• **ACTIVITY**:
Return the listing below exactly, with the pictures dropped.
##### RECORDED DATA #####
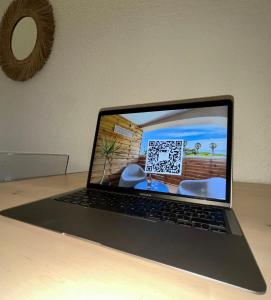 a laptop computer sitting on top of a table at La Cigale Varoise - Hyères La Plage in Hyères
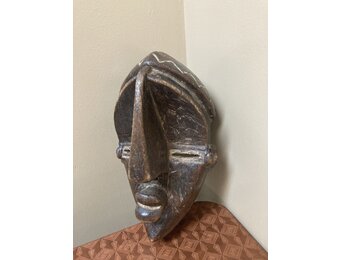 Lwalwa “Mfondo” mask: Worn at initiations and to bring good fortune to the village. The Lwala are related to the Bena Lulua, and reside near Dem Rep of Congo’s border with Angola. 11 ⅞” tall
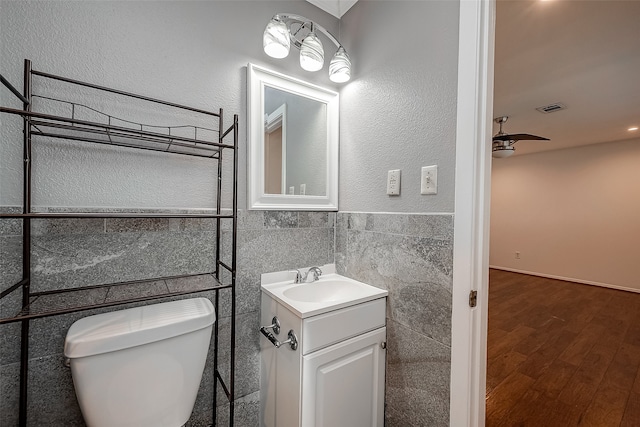 bathroom featuring vanity, toilet, hardwood / wood-style flooring, and tile walls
#####
• **ANSWER TO THIS PROBLEM**:
 a laptop computer sitting on top of a table at La Cigale Varoise - Hyères La Plage in Hyères
 Lwalwa “Mfondo” mask: Worn at initiations and to bring good fortune to the village. The Lwala are related to the Bena Lulua, and reside near Dem Rep of Congo’s border with Angola. 11 ⅞” tall
 bathroom featuring vanity, toilet, hardwood / wood-style flooring, and tile walls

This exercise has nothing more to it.